When you’re writing about masturbating, having an orgy, trying heroin, or pretending the guy you're having sex with is James Frey, how do you get to that place of complete honesty? Were you worried about what your family would think?

I don’t think about my family when I write. If I thought about my grandma when I wrote, it would give me a buzzkill. I get to that place by going with my instinct. By putting on headphones and going underwater and letting the words come. Sometimes it makes me feel manic or sick or sad or elated, but that’s how I do it.

How did you go from writing personal essays to realizing there was a book here?

My friend Aaron and I agreed that we would send each other 200 pages by the end of October in 2010. So I put my finished pieces into one document, printed it out, and mailed it to him. From there I revised, replacing weaker writing with stronger. I knew I wanted to do a collection, but it wasn't easy to find a small press that was looking for essay collections.

How did you find Future Tense?

My friend Sean H. Doyle told me about them when I was living in Seattle in 2010. I emailed Kevin Sampsell and he said he was swamped. A year later, he emailed me and said, “Send me stuff now.”

What appealed to you about working with a small press?

I didn't do the agent search, because Kevin emailed me quite literally when I’d just made my manuscript into something real.
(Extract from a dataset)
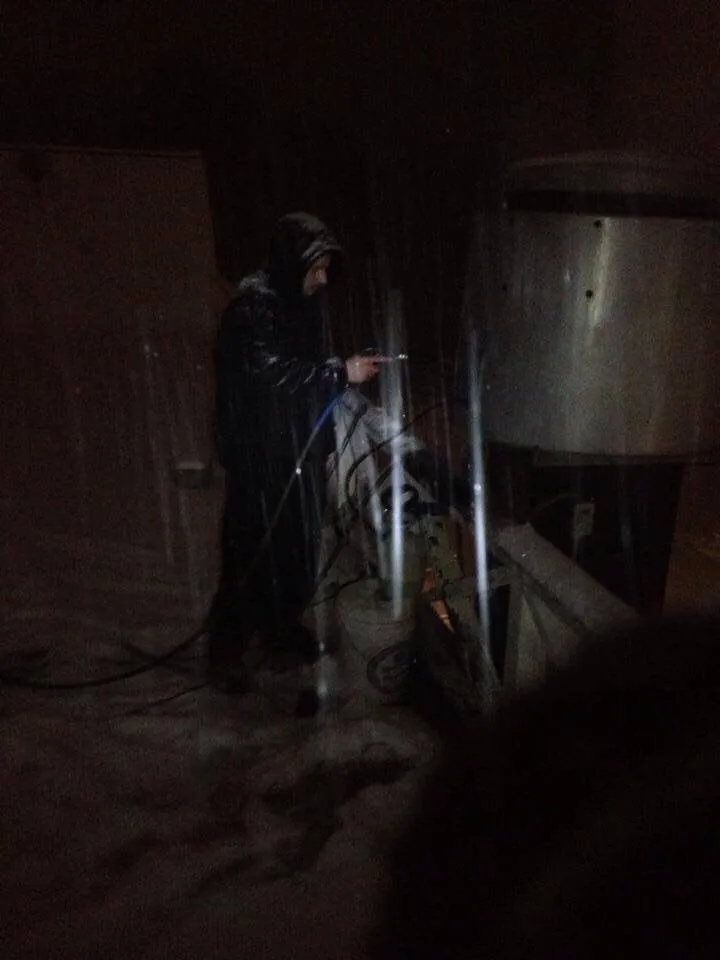 Slide of One Call Ventilation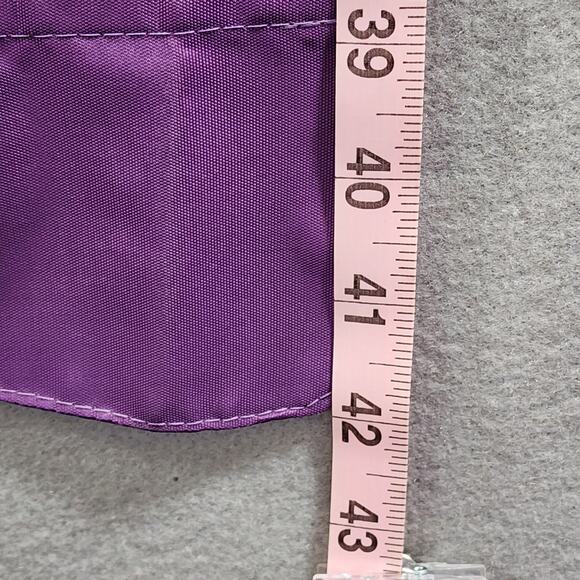 Pansies Purple Garden Flag Banner Double Sided Appliqued Yard 28"x42" Evergreen - Picture 4 of 6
After I submitted to him, I wrote maybe 10 new essays and replaced the old stuff with the new. Small presses seemed more accessible. It was the most serendipitous thing that's happened in my life so far, hands down.

What was the process of getting the book published?

My experience was profoundly pleasant. I had the best time. Kevin, Bryan Coffelt, (designer/assistant editor), and I were making the magic happen. Staying up late, cramming and editing. There was something special about that. I had my say in everything. They called me after they emailed me the choices for book covers. I started crying when I saw what became the final cover. As for publicity, Kevin told me from the very beginning that with a small press, a lot of a book’s success is dependent on how much work the author does.

How did your friendship with Cheryl Strayed affect your experience as a burgeoning writer?

I love Cheryl, and I think our relationship has more to do with the way we are as people, than with our writing. She was one of the first writers I knew to believe in me. When Kevin solicited me for Leg’s Get Led Astray,I thought Cheryl had put a word in for me, though that turned out not to be the case. I think mentors are great, and I hope to extend the generosity she's given me to others.

The essays in Legs Get Led Astray are very much meditations on themes from a certain era in your life; what’s next?

I’m working on a piece called “Roommates—” it’s about living with my dad and being a 26-year-old female. There are so many memoirs out there about bad relationships with parents. But what if you had a good relationship with a parent? Where does that lead you? I want to challenge myself stylistically.